As a business owner, I’m sure you’ve read one or more great business books in your career, giving advice and guidance on how to be a great leader or how to have a 4-hour work week. All have their tidbits of genius and knowledge. When talking about selling your business and getting to the closing table, I think about Napoleon.
“A Goal is a Dream with a Deadline,” is the famed quote by Napoleon Hill from his timeless book “Think and Grow Rich.”
When selling a business, missed deadlines create a tsunami affect – the impact worsens the closer the water gets to shore causing mass havoc in its wake. I’ve seen more than one occasion when a buyer has backed away, because the seller couldn’t stick to a time frame and key deliverables. OR more often, we see deals that go through but because the seller is ill-equipped with the right data and therefore less confident, ends up settling for far less because now they feel backed into a corner.
Missing deadlines and delaying the process also invites the unknown. We’ve all talked about the impending next serious dip in the market – one that goes beyond an adjustment. A delay can make a huge difference in company valuations, cash availability, and buyer confidence.
Although each deal is different, all follow the same process.
1. Owner/CEO decides to sell and chooses a definitive exit date
2. Owner/CEO hires an M&A firm, meets with Attorney and Accountant
3. Collective team gathers data to create an accurate valuation of business
4. M&A firm begins the process of finding potential buyers
5. Owner/CEO with M&A firm’s guidance, cleans up their house to ensure the most attractive buyers are in the pipeline
6. M&A firm finds potential buyers, negotiations begin
7. Buyer/Seller marriage – letter of intent signed
8. Due Diligence continues, closing date chosen
9. Deal closes
When deadlines are missed:
If the buyer misses the deadlines the seller has the option to:
1. Give buyer an extension (not ideal) and close late.
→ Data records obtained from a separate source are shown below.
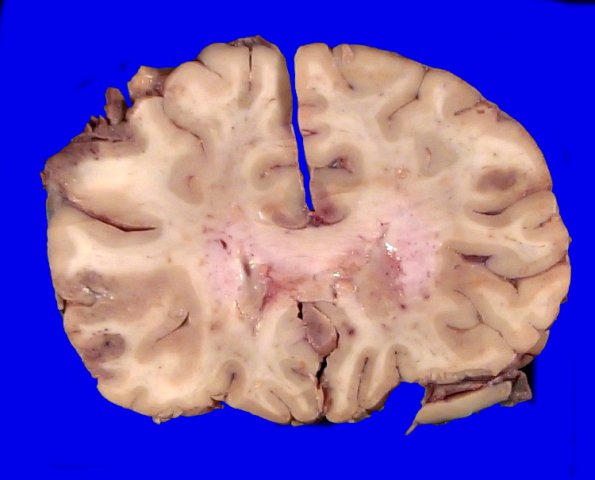 17C1 Lymphoma, intravascular (Case 17) _10A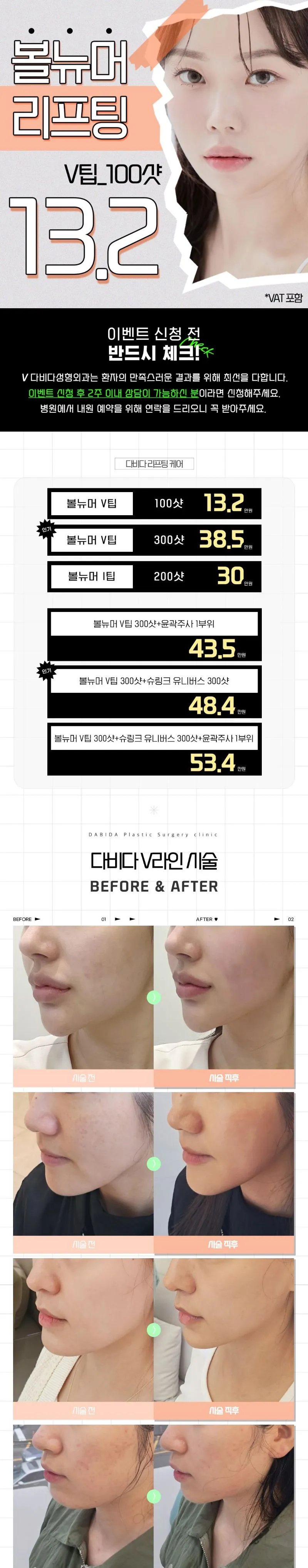 掲載画像 · 다비다성형외과의원 · Cashdoc 掲載画像 · 다비다성형외과의원 · Cashdoc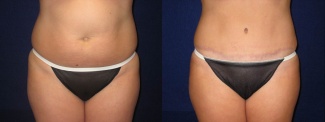 Frontal View - Tummy Tuck After Pregnancy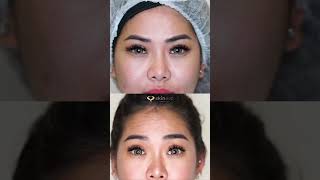 Botox Allergan allergan botulinumtoxin botox antiwrinkle antiagingtreatment skinevo [upl. by Ecnaiva]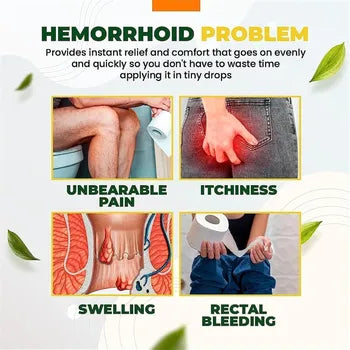 Hemorrhoid capsules made from natural herbs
If the seller has a backup buyer – those conversations should start
2. Walk away and work with backup buyer
3. Walk away completely and start over
If the seller misses deadlines the buyers can get anxious and leery that the seller isn’t as business savvy as they had hoped. They too can offer extensions or walk away.
Having a reputation as a “deadline-optional” buyer or seller is not ideal. Word travels fast.
To avoid the glitches:
1. Create clear expectations between all parties on due diligence and deadlines. Who is responsible for what and when?
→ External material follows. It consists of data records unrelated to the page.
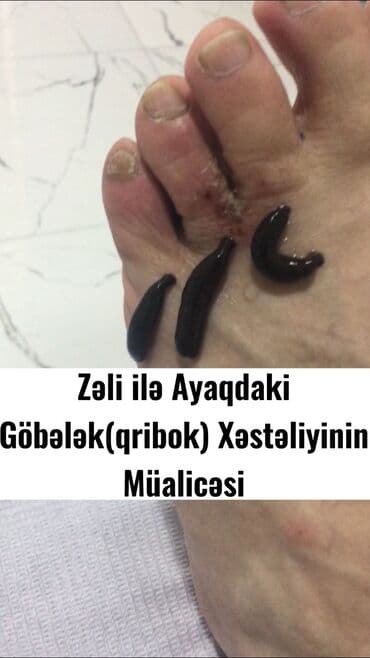 ağ dırnaq modelleri: Hicamanın Faydaları✅ *Qan dövranın pozulması *Qanın təmizlənməsi — 7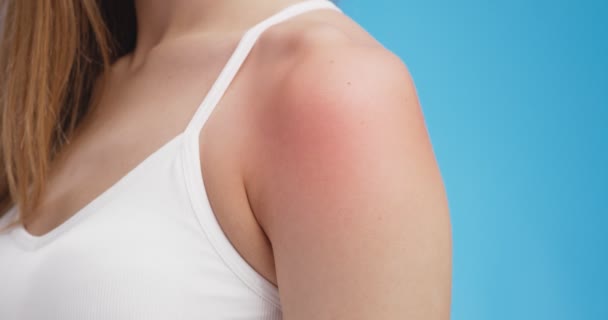 Close up tiro de ombro feminino dolorido com vermelho inflamado ponto pulsante, fundo azul — Vídeo de Stock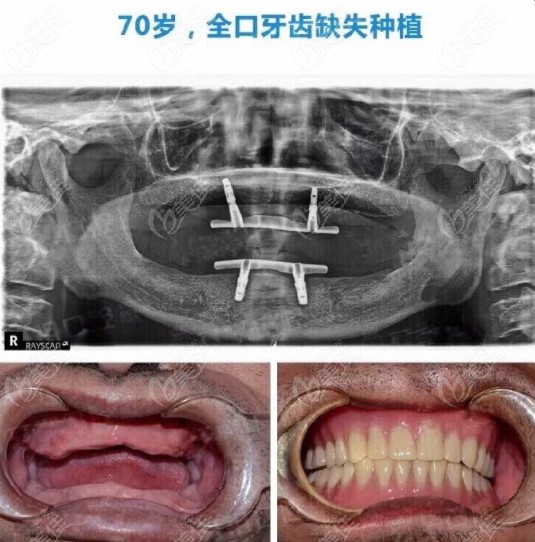 下面是一位70岁老人全口牙齿缺失,聂医生选用数字化即刻种植技术,仅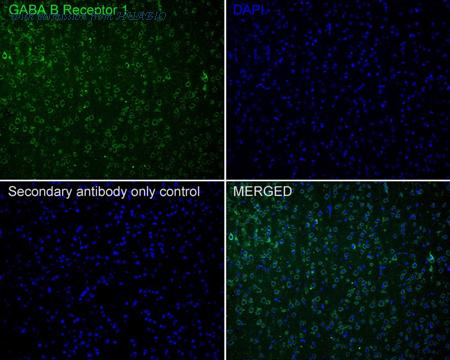 HUABIO HA721338 image 3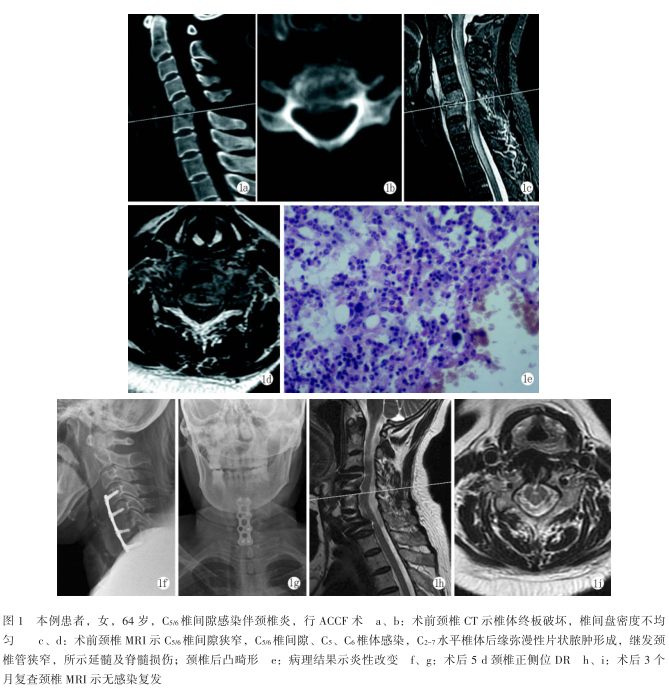 原发性颈椎间隙感染:1例报告及文献综述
2. Constant communication with all parties – timely check-ins, nudges to ensure things are moving smoothly and yes, on time.
3. Hope for the best and prepare for the worst. This is applicable for both sides of the house – buyer and seller. There always needs to be plan B, C & D.
4. Be flexible but firm. Life happens, and there may be unforeseen circumstances such as natural disasters, market shifts and even illness. Be understanding and flexible. No need to cut off your nose to spite your face, but be realistic. What CAN you be flexible and understanding on and what things are non-negotiable?
5. Be realistic with the above. As a business owner – bring in the cabinet of experts. Get key members of your team on board while keeping things confidential if need be. Hire an M&A firm early in the process and work closely with your attorney and accountant.
In the end, listen to Napoleon. He didn’t name the novel “Think and Be Poor.”